Reproducing user specified text input in a user selected celebrity voice style
- Tech Stack: Python, Keras, OpenCV, Scikit-learn, Librosa, CNN, VGG-16, Dall-E
- Github URL: Project Link
- Medium Article URL: Article Link
For our project’s purposes, instead of dealing with audio as a two-dimensional signal of amplitude over time, we first convert our audio samples into spectrograms which is a three-dimensional representation of the same signal giving us information about frequency over time with additional data about each frequency’s amplitude at any given point of time.
The images obtained from step-1 are passed through a set of convolutions before feeding them into a neural network that establishes the speaker signature. This becomes the speaker recognition module that learns the voices of each celebrity in the training data.
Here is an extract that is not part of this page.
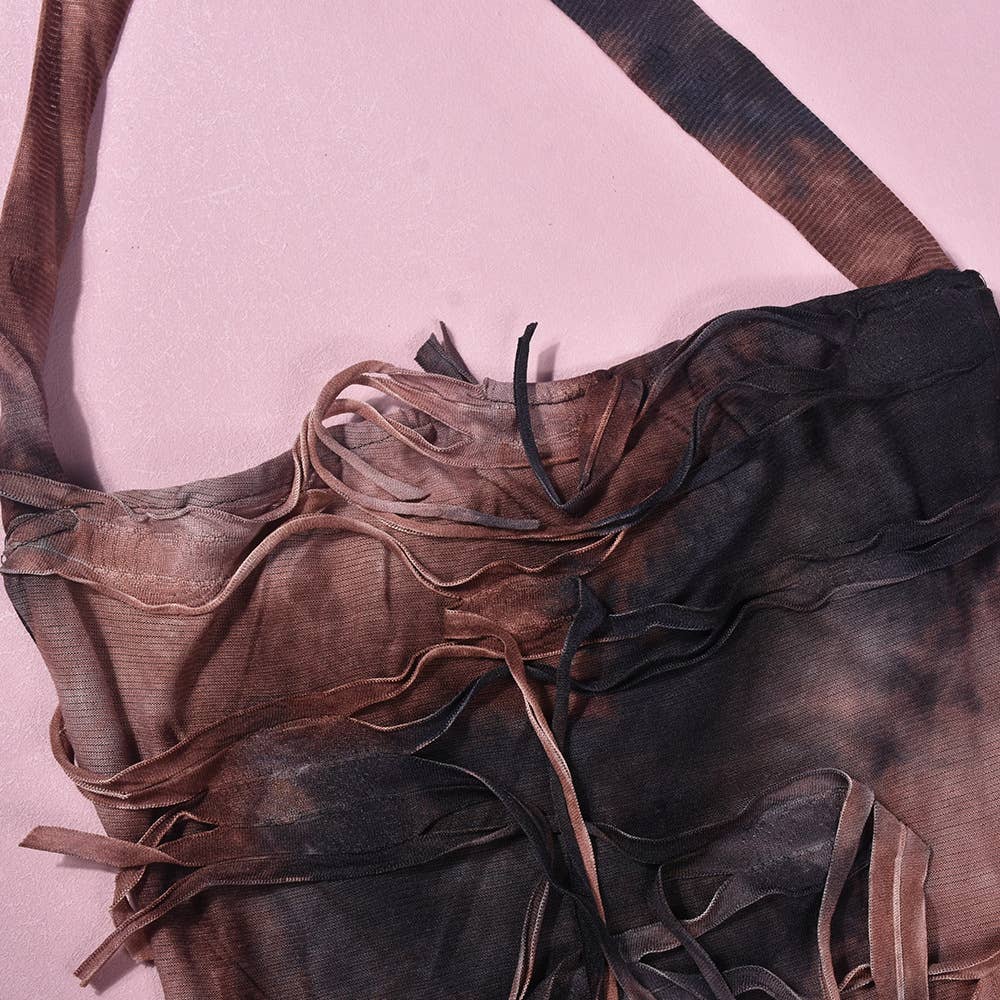 SEXY TIE-DYE FRINGE BEGGAR DRESS WITH SLIT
The voice of Google Assistant is also factored in here.
From the previous stage, we have a 4096-dimensional convolution output as the input to the decoder, and we want to recreate spectrogram images of size 128 x 171 (21,888 pixels) as the output.
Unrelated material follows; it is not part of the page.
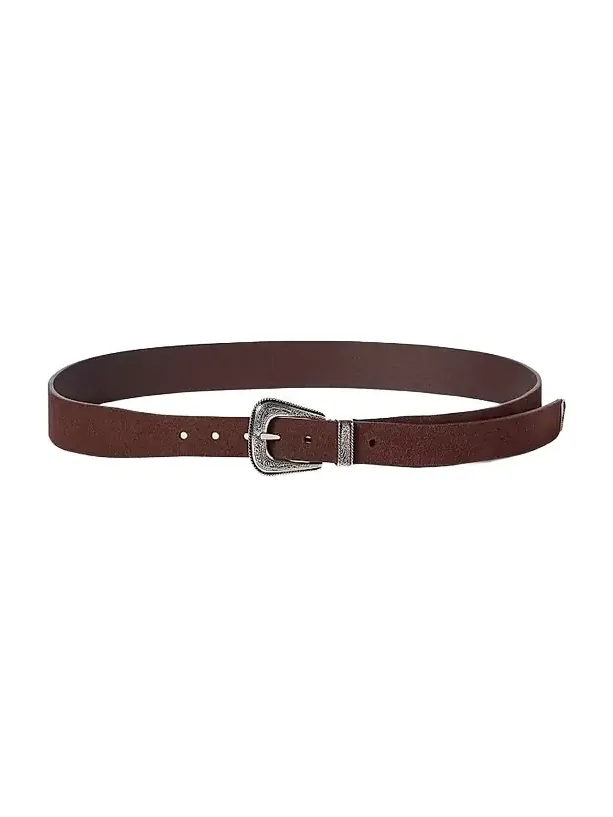Men's Reversed Leather Belt with Tip - Brown Men's Reversed Leather Belt with Tip - Brown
We use the convolutions from the first network (Step-2) to obtain a 4096-dimensional vector representation of each speaker relative to Google in this stage. Our expectation is that when the Google Assistant speaks the same phrases as the celebrity, the only difference between the two files will be the voice (or style) of the speaker with respect to Google Assistant. So we expect to capture this difference as a 4096-dimensional representation for each speaker.